Let $\mathcal{M}$ be a commutative monoid and $x, y \in \mathcal{M}$.
In general, is there something one can say about $x$ and $y$ if for any $n \in \mathbb{N}$ the element $y^n$ divides $x$, i.e., there is a $z_n$ such that $x = y^n \cdot z_n$?
In certain concrete monoids the following possibilities appear.
- $x$ is a zero element, that is, $x \cdot z = x$ for all $z$
- $y$ must be idempotent (e.g., natural numbers, non-negative rationals under addition, non-negative reals under addition ...)
- $y$ is invertible (any group)
What other possibilities are there, if any, and can one say something meaningful about commutative monoids where if $x$ and $y$ satisfy the condition above then either $x$ is a zero element or $y$ is idempotent?
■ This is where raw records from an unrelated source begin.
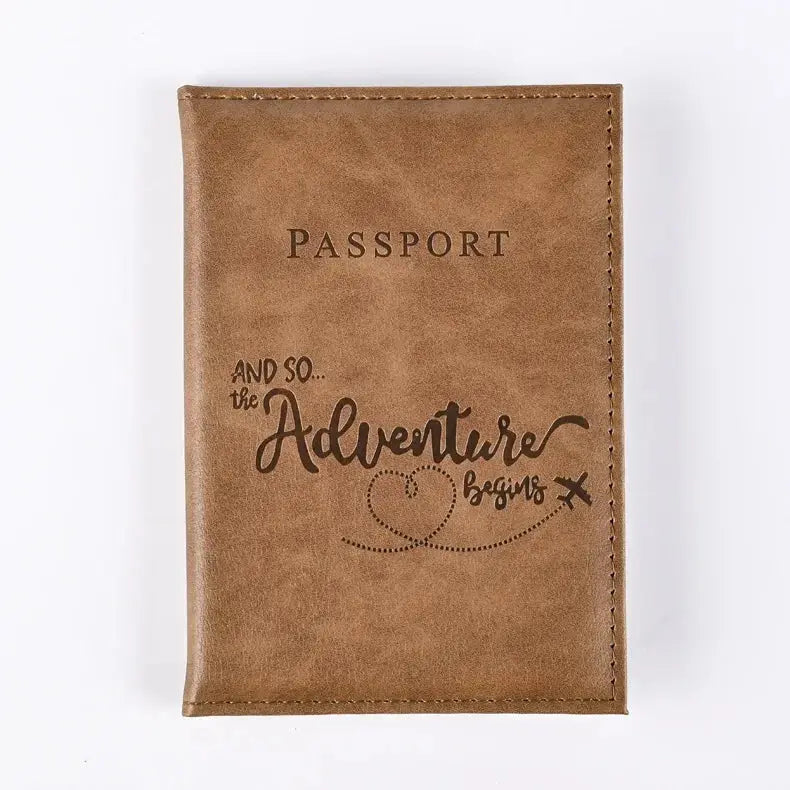 Passport Holder Wallet Cover Travel Essentials Pu Leather Card Case International Travel Accessories for Women/Men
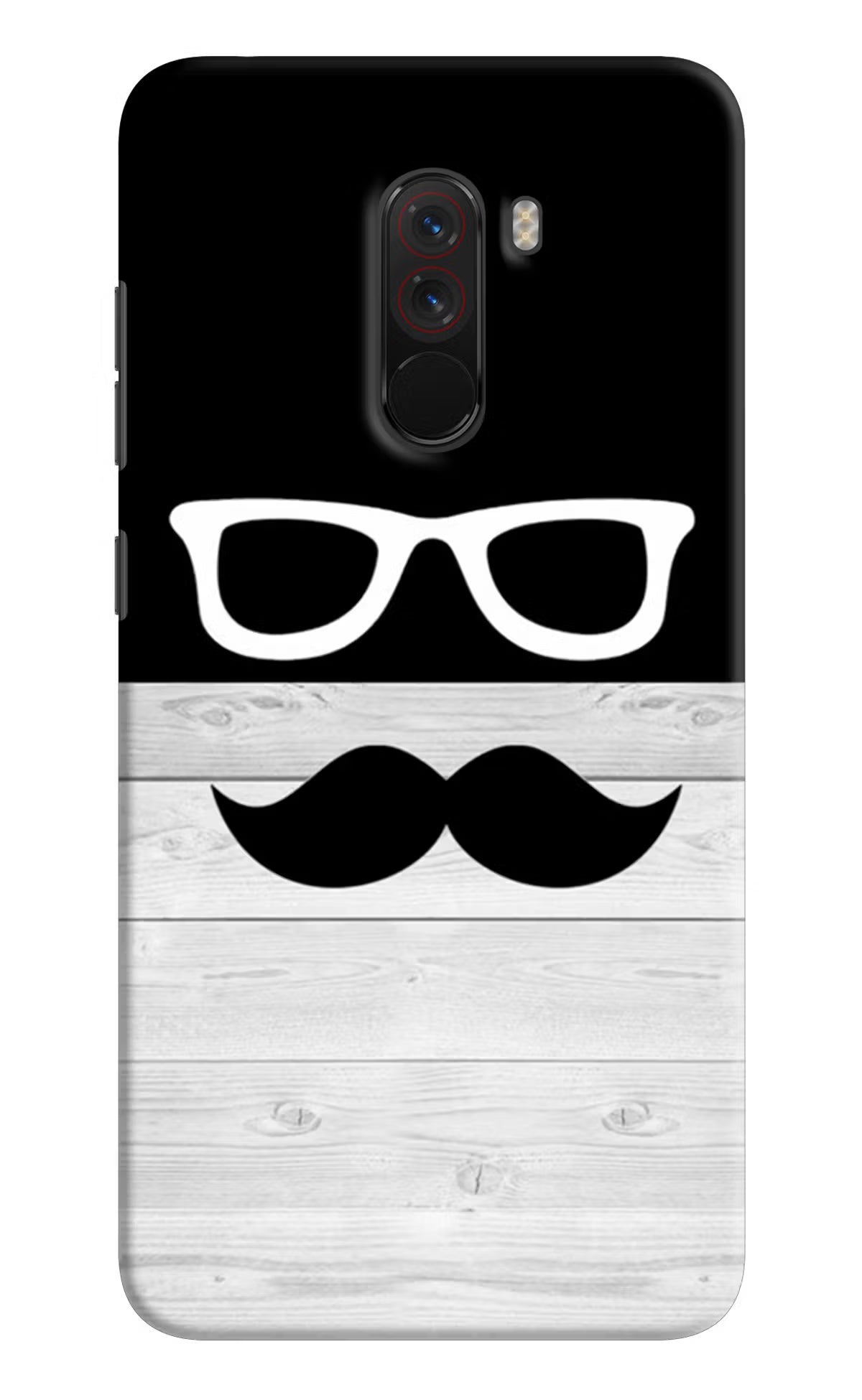 Mustache Poco F1 Hard Case Back Cover by Casekaro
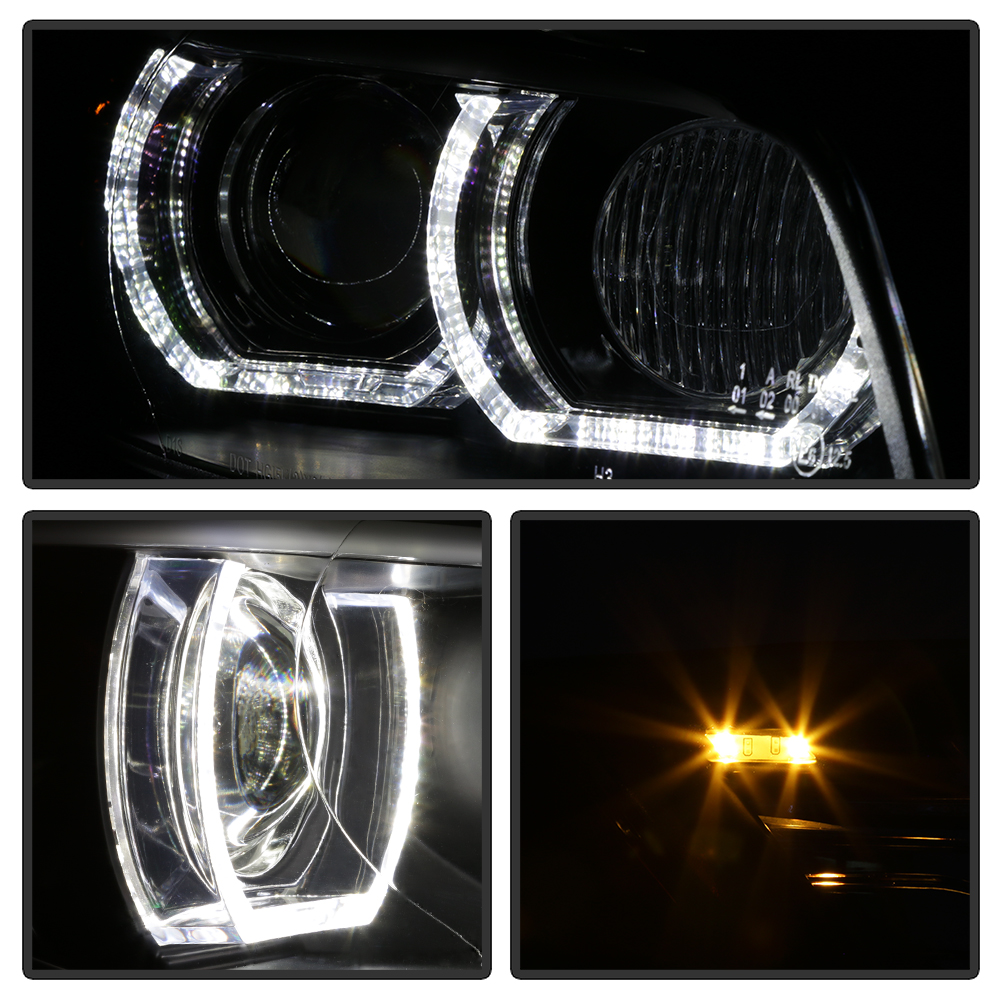 HID/Xenon 2007-2010 BMW E92 E93 328i 335i Coupe F32 Style LED 3D Halo ...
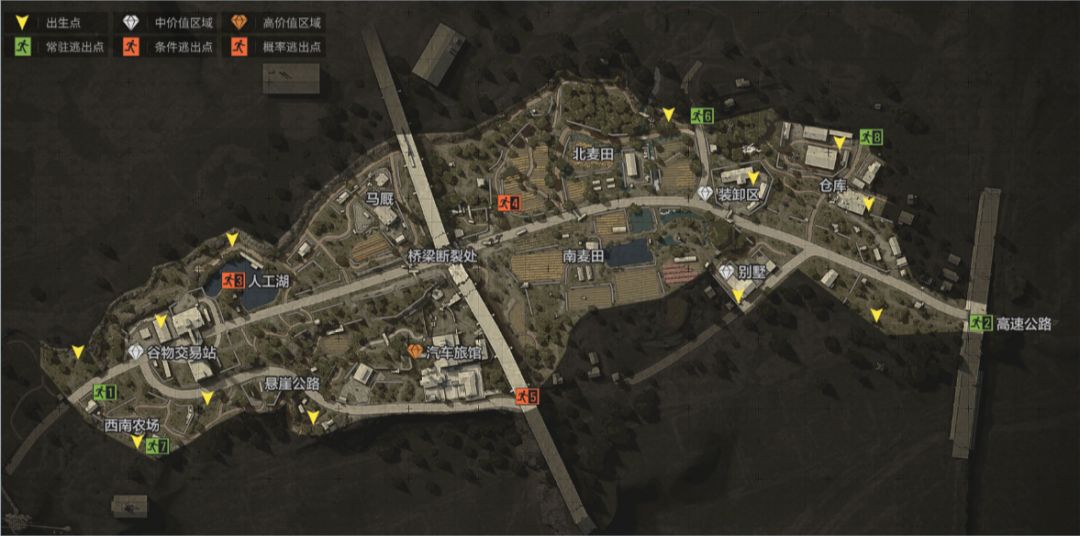 一个清晰的撤离思路=半只脚踩进了撤离点（农场篇）截图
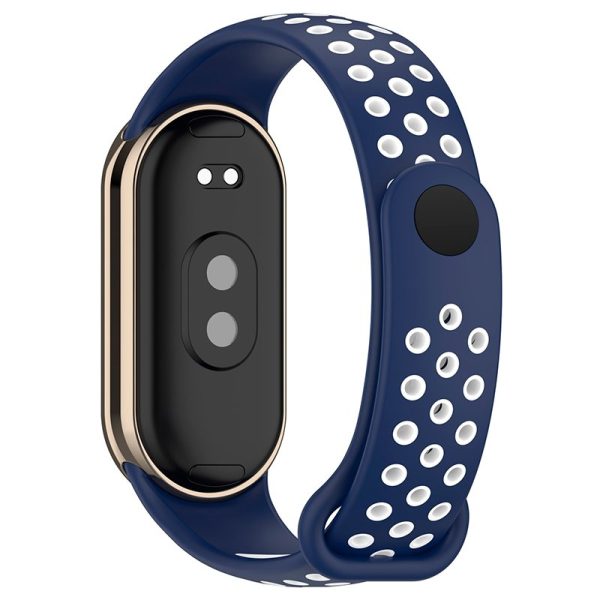 Correa COOL para Xiaomi Smart Band 8 Sport Marino-Blanco - Image 3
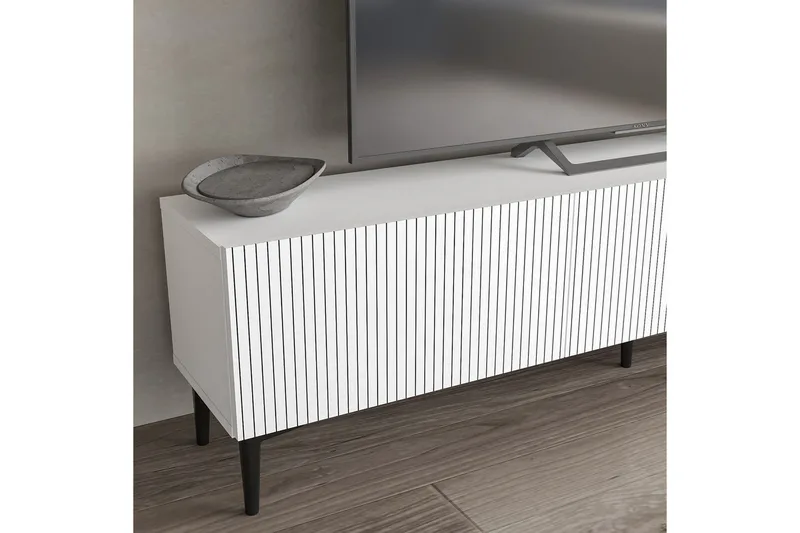 Elith Tv-bänk 180 cm - Vit - Products - Möbler - TV- & Mediamöbler - TV bänk & mediabänk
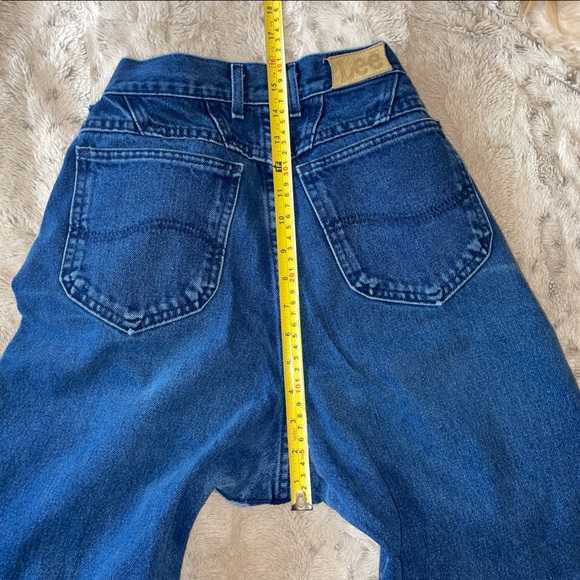 Vintage Lee beautiful Blue Jeans - Picture 13 of 15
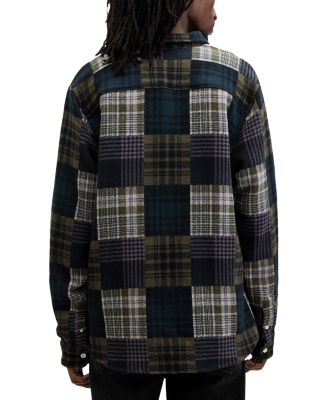 Hopton Patchwork Check Overshirt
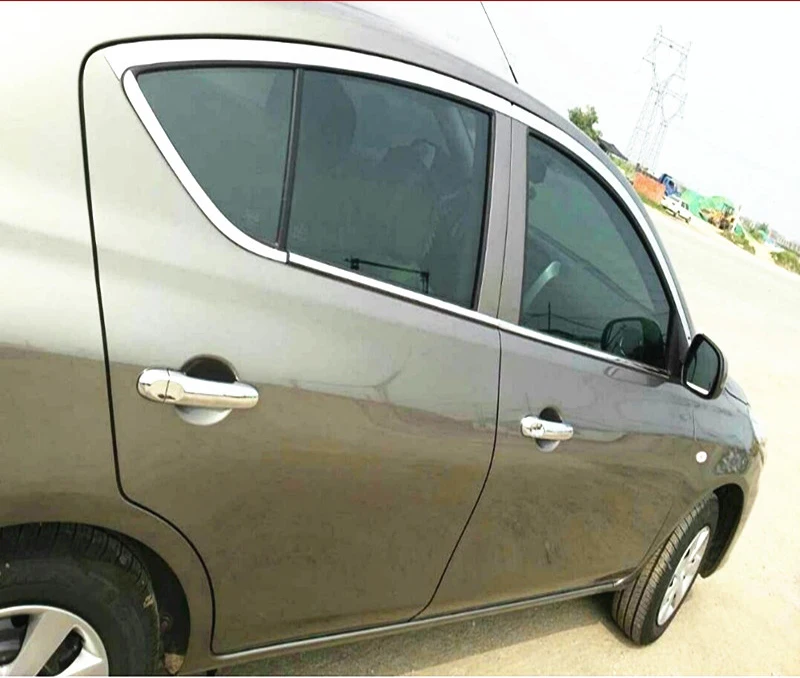 Нержавеющая сталь окна автомобиля планки для nissan sunny 2011 2012 2013 N17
Of course such a monoid cannot have non-idempotent invertible elements.
Recall that an epigroup (also called group-bound semigroup) is a semigroup in which every element has a power that belongs to a subgroup. Note that the identity of the subgroup is an idempotent which is not required to be an identity for the semigroup.
Let $S$ be an epigroup and let $x \in S$. Then some power of $x$, say $x^n$, belongs to group $G$ with identity $e_x$. Note that $e_x$ is entirely determined by $x$. Indeed, suppose that $x^m$ belongs to some group $H$ with identity $e$. Then $x^{nm} \in G \cap H$ and thus $e_x = e$.
Now, I claim that $y^n$ divides $e_y$ for all $n \geqslant 0$. Indeed, since $S$ is an epigroup, there exists $k > 0$ such that $y^k$ belongs to a group $G$ with identity $e_y$. Let us choose $q$ and $r$ such that $n = kq - r$ with $q > 0$ and $r \geqslant 0$. Then $y^ny^r = y^{kq} = (y^k)^q \in G$ and thus $y^n$ divides $y^ny^r$ which divides $e_y$.
It follows that $y^n$ divides $x$ for all $n \geqslant 0$ if and only if $e_y$ divides $x$.